A recent meta-analysis comparing AAPDs and TAPDs in the treatment of chronic schizophrenia suggests the advantage of clozapine, risperidone, olanzapine, and amisulpiride over TAPDs (Leucht et al., 2009b) for overall efficacy. However, the effect sizes were small (Leucht et al., 2009b), and specific side effects of these agents, e.g., hyperprolactinemia for risperidone and weight gain/metabolic syndrome for olanzapine and clozapine, should be considered (Zhang et al., 2013).
For first-episode patients, Zhang et al. (2013) conducted a meta-analysis of acute, randomized trials with AAPDs vs. TAPDs comparison. The results indicate AAPDs as a whole showed superior efficacy for negative symptoms, and that olanzapine and amisulpiride specifically showed greater benefits than TAPDs (Zhang et al., 2013).

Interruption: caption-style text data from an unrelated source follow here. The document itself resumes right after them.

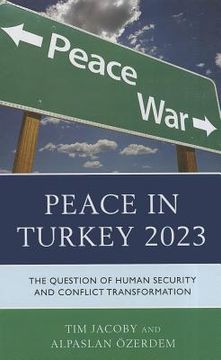 portada peace in turkey 2023: the question of human security and conflict transformation (en Inglés)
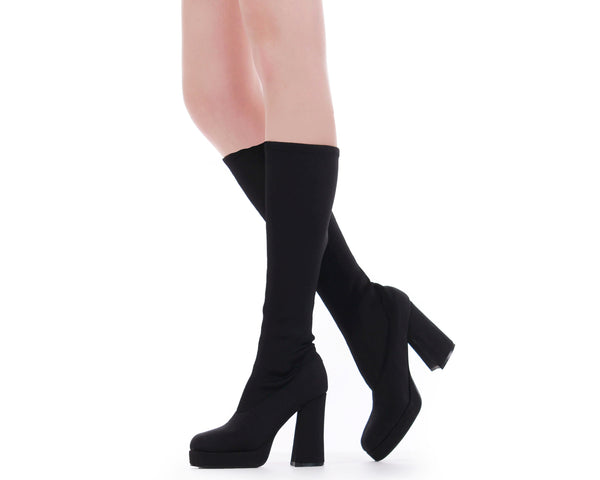 knee high neoprene boots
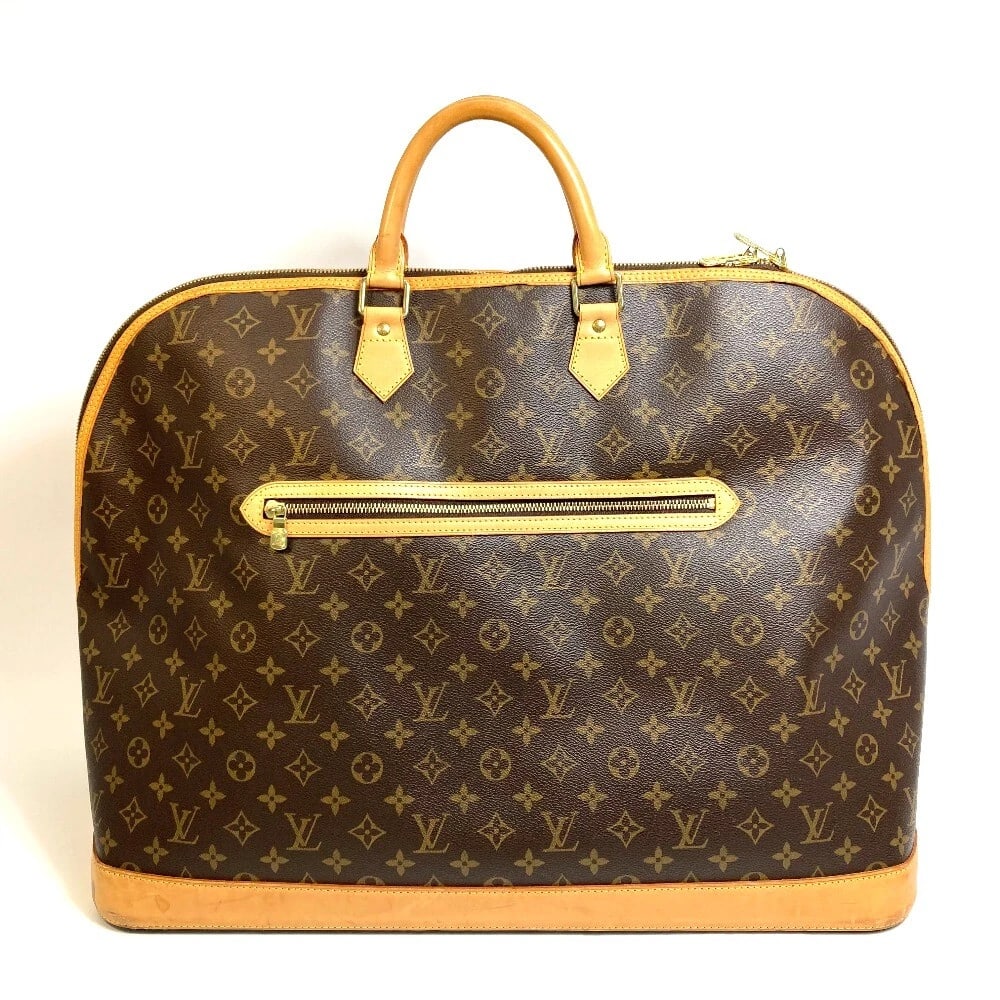 LOUIS VUITTON MONOGRAM ALMA VOYAGE GM HAND BAG: LOUIS VUITTON Monogram Alma Voyage GM Hand Bag Brand: LOUIS VUITTON Type/Style: Duffle Bag Material: MonogramCanvas Color: Brown Size: W21.3xH15.7xD10.2inch / W54cmxH40cmxD26cm Accessories: None <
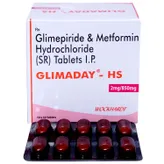 Glimaday HS Tablet 10's, Pack of 10 TABLETS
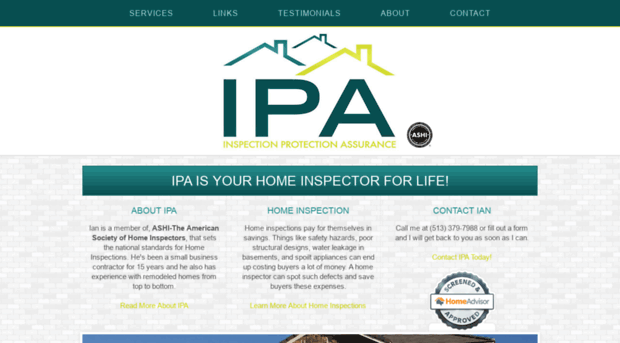 ipainspection.com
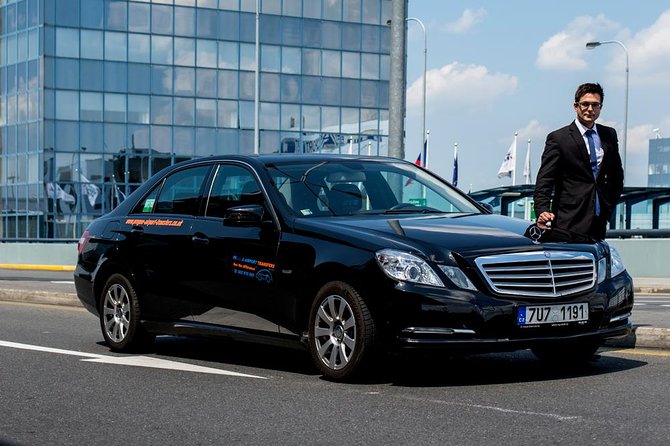 Prague Airport Shared Departure Transfer - Shared transport means shared timing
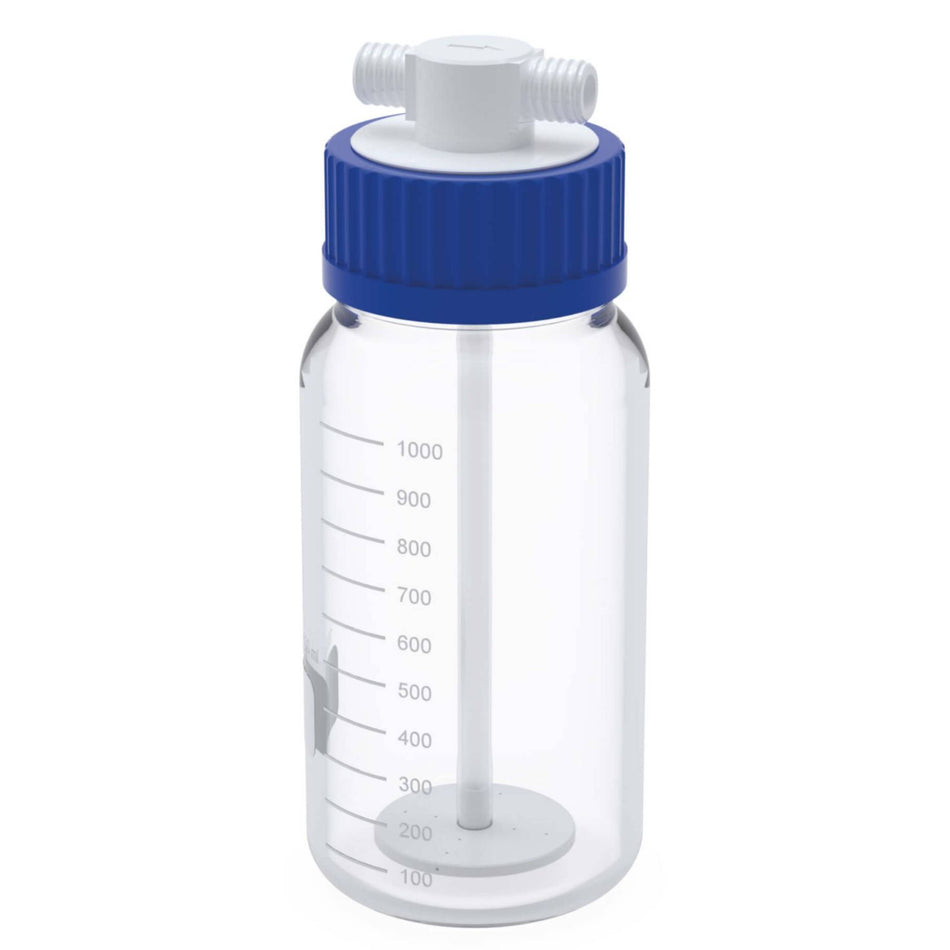 BOLA Scrubber Bottles Vitrum (PTFE/Glas ) - GLS 80, 1000 ml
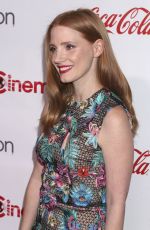 JESSICA CHASTAIN at CinemaCon Big Screen Achievement Awards in Las Vegas 03/30/2017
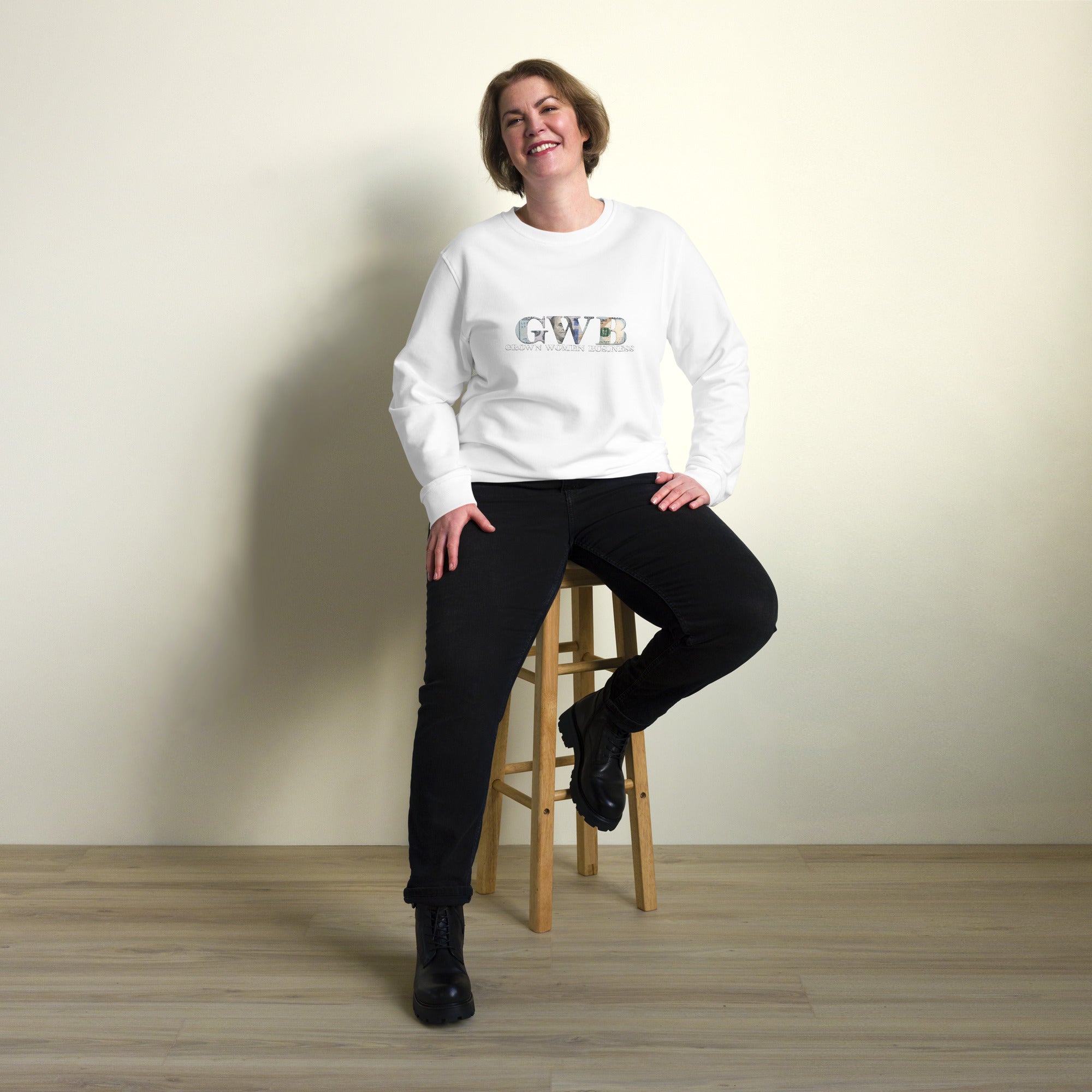 Organic sweatshirt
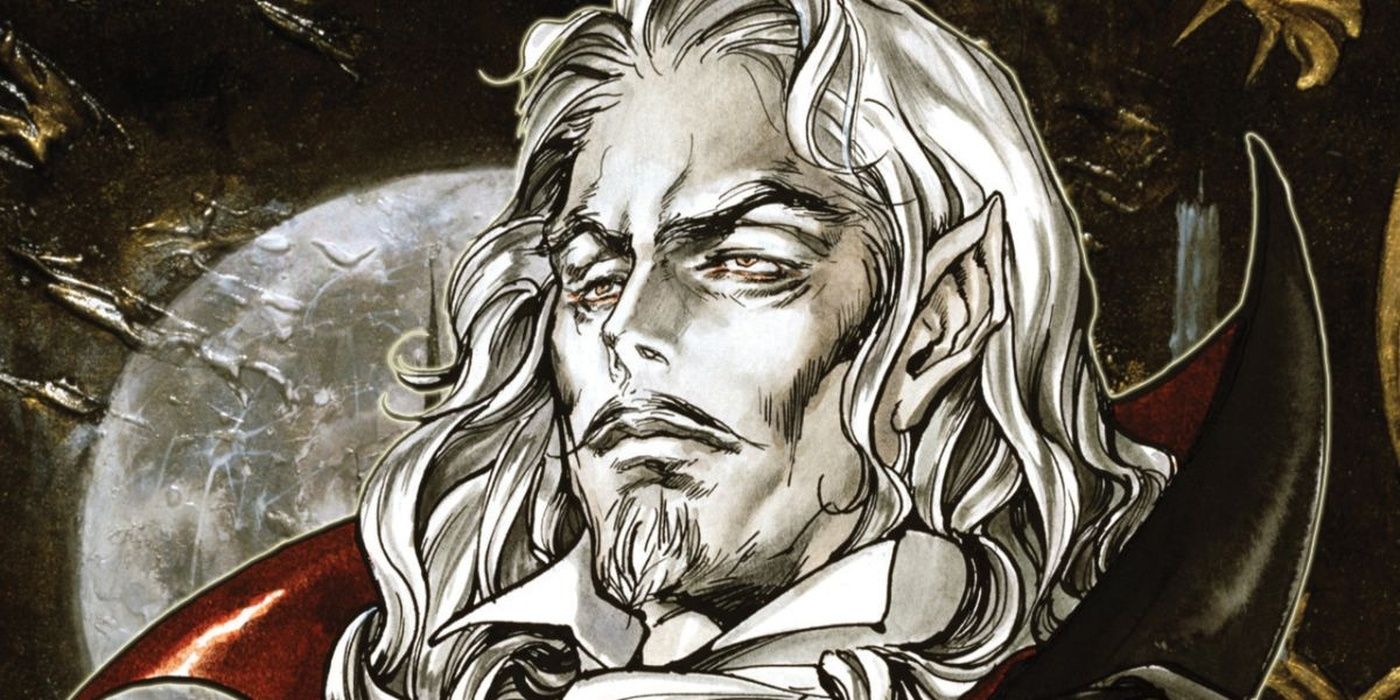 Count Dracula as he appeared in Castlevania Symphony of the Night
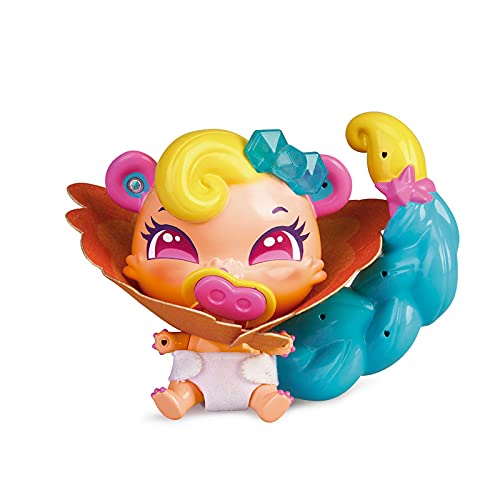 The Bellies From Bellyville Kit, Accesorios para cuidar a los Beasties, Amigos de los Bellies (Famosa 700015794)
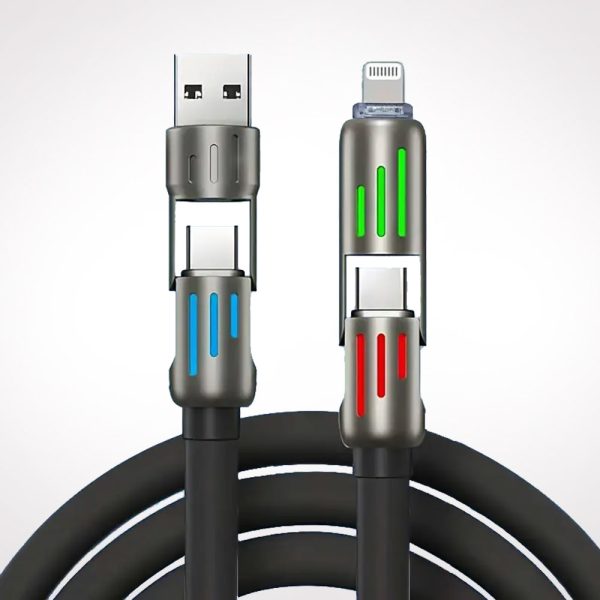 4-in-1 Multi USB Charging Cable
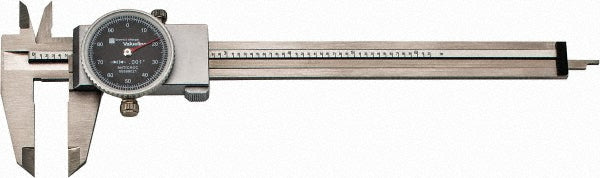 6.0000" Caliper, 0.001000" grad - TESA Brown & Sharpe 00589021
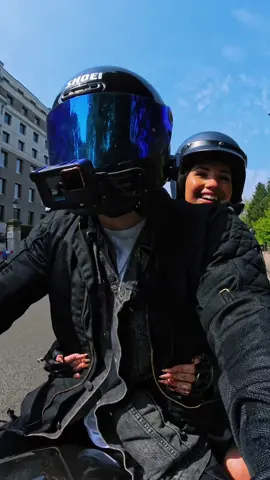 Mabel’s moment.  Ed, leave some for the rest of us!  Love ya  #harveyridesbikes #preciouscargo #motorbike #motorcycle #scrambler #biker #vibes #wholesome #feelgood #london #gopro #mabel 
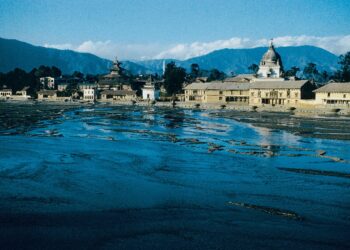 Bagmati river in the 1950s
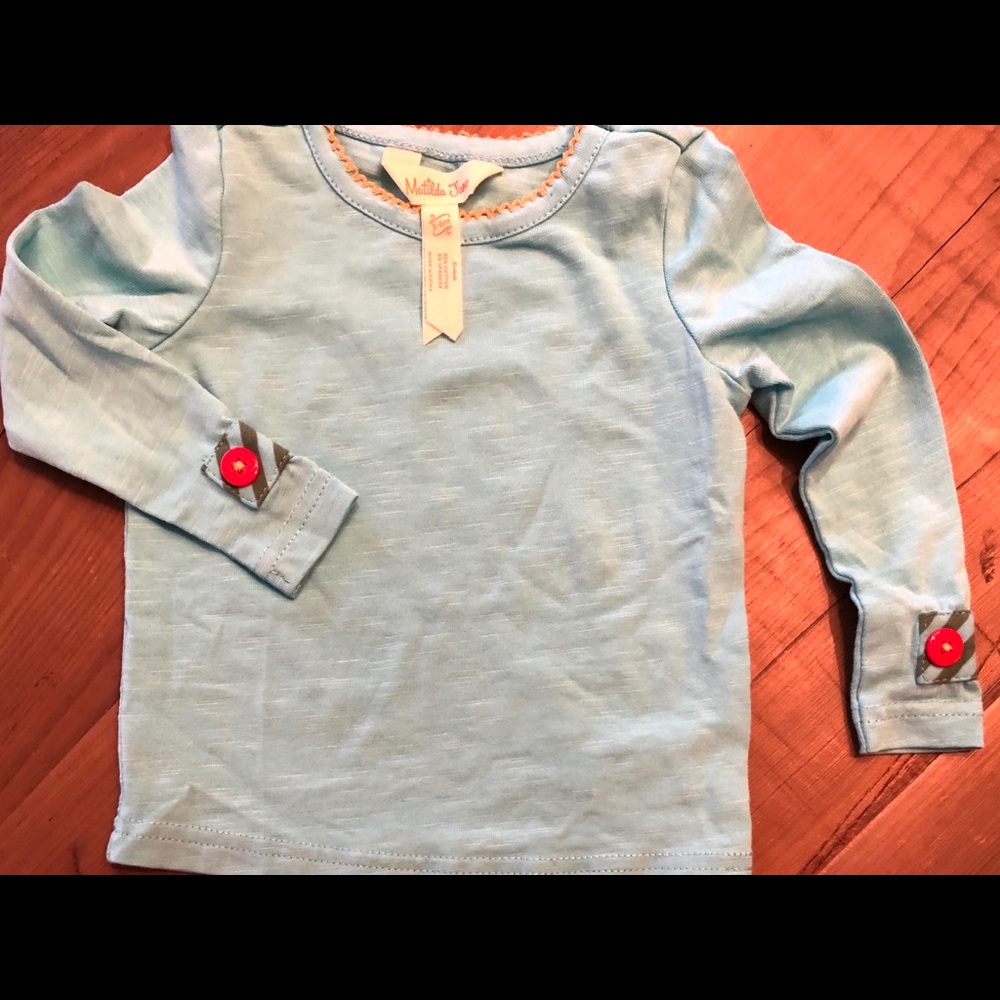 Matilda Jane longsleeve top, 3-6 M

Patients with schizophrenia demonstrate a 1–2.5 standard deviation decline in performance on neuropsychological tests of a range of cognitive domains, e.g., several types of memory, executive function (planning, flexibility of thinking and etc.), attention/information processing, verbal fluency, and motor function (Harvey and Keefe, 1997; Keefe et al., 2004) (Figure 6). Cognitive impairment in schizophrenia has been suggested to largely determine the outcome for patients (Green, 1996; Addington and Addington, 2000; Green et al., 2000).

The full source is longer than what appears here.